- Exercise description -
Taking the data below, please print only the lines from the line holding "Paw Patrol Skarpety" to the line holding "Medium Photo 3", inclusive, with pictures omitted.

- Records shown -
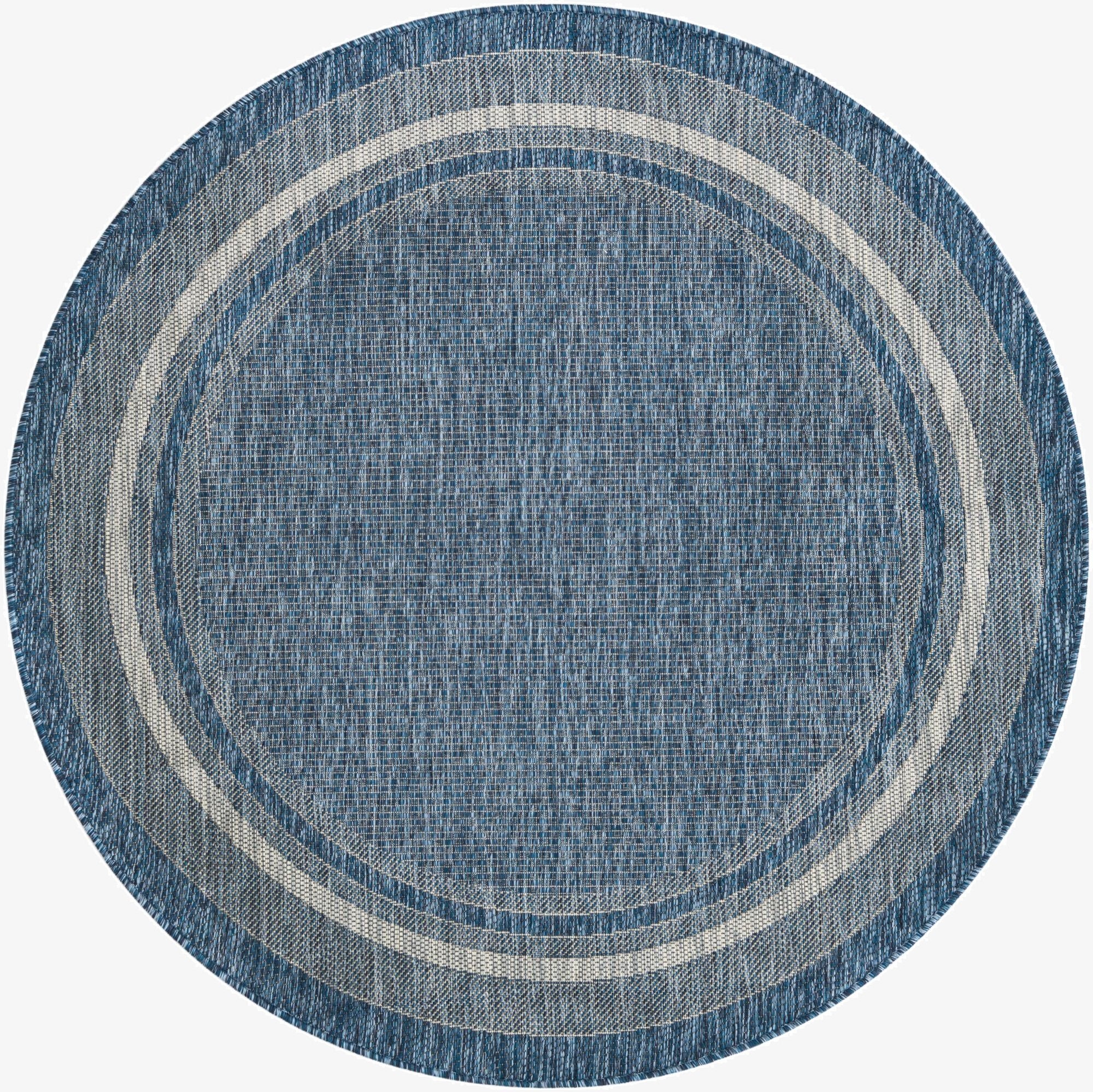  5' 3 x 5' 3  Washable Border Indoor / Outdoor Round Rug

==

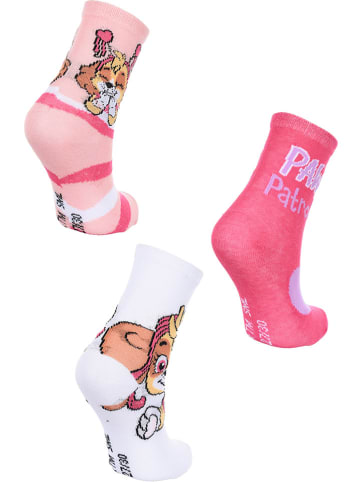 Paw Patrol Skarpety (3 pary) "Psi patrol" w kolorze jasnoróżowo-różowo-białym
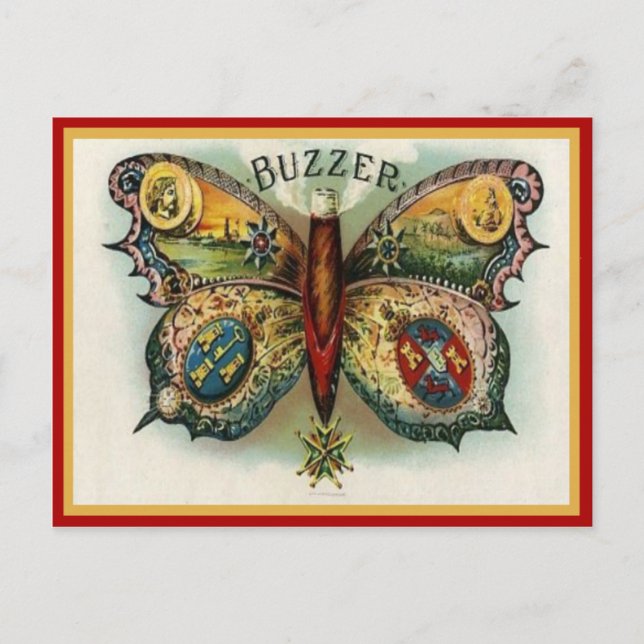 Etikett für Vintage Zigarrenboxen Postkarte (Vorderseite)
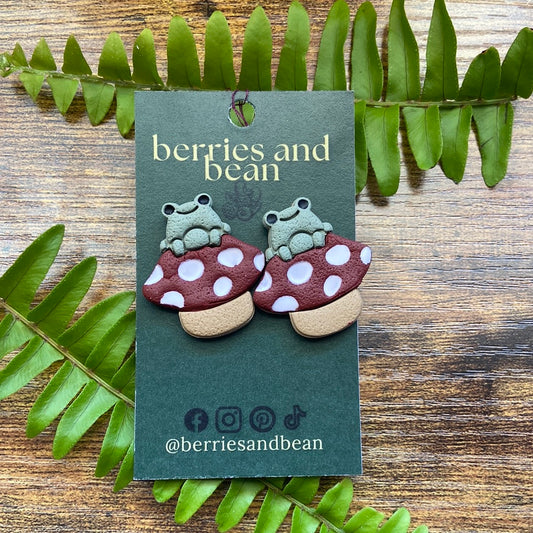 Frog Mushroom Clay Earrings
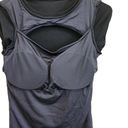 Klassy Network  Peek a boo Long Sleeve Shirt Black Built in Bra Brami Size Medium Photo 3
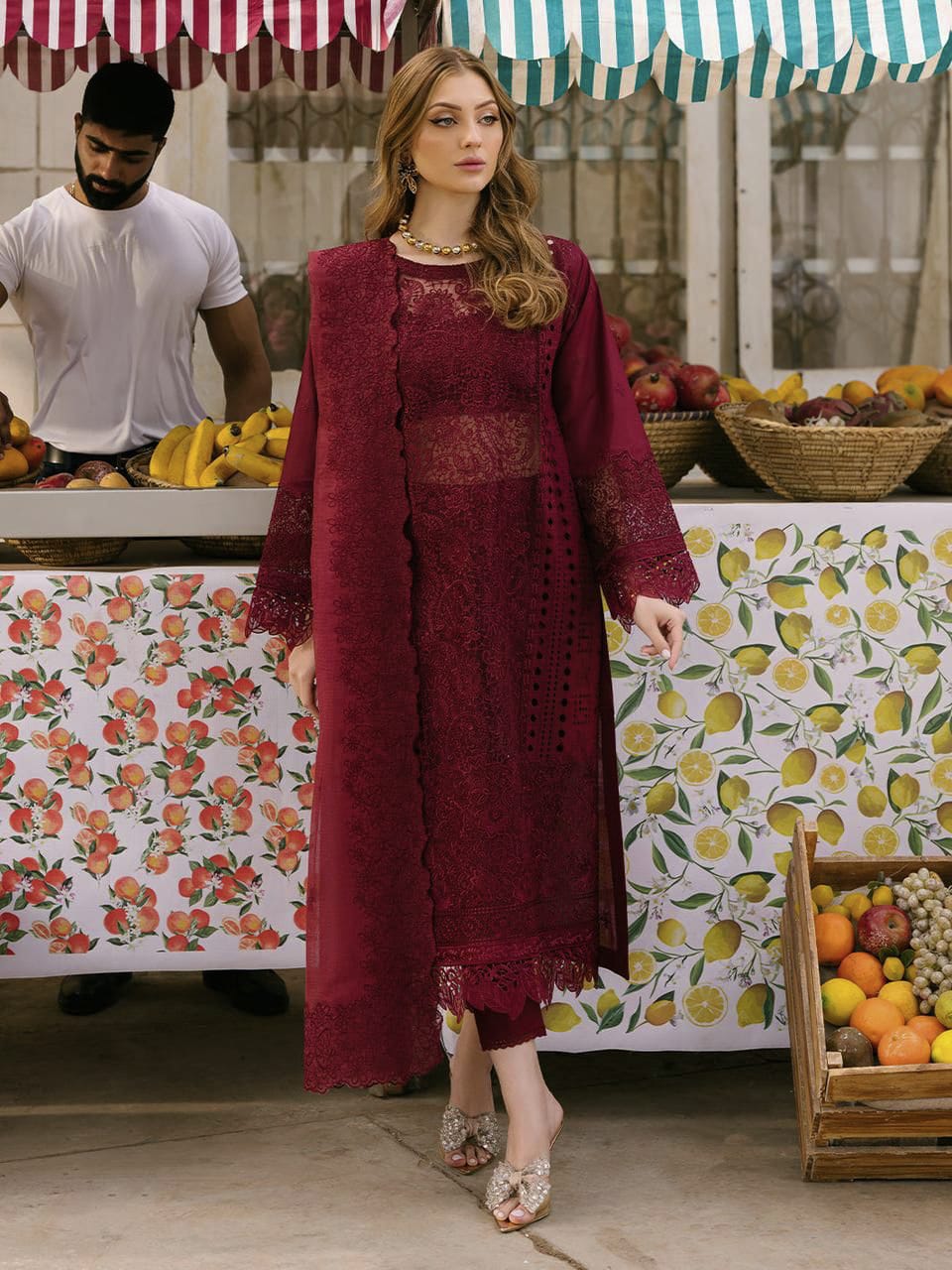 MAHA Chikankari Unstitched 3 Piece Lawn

- Output for this task -
 Paw Patrol Skarpety (3 pary) "Psi patrol" w kolorze jasnoróżowo-różowo-białym
 Etikett für Vintage Zigarrenboxen Postkarte (Vorderseite)
 Frog Mushroom Clay Earrings
 Klassy Network  Peek a boo Long Sleeve Shirt Black Built in Bra Brami Size Medium Photo 3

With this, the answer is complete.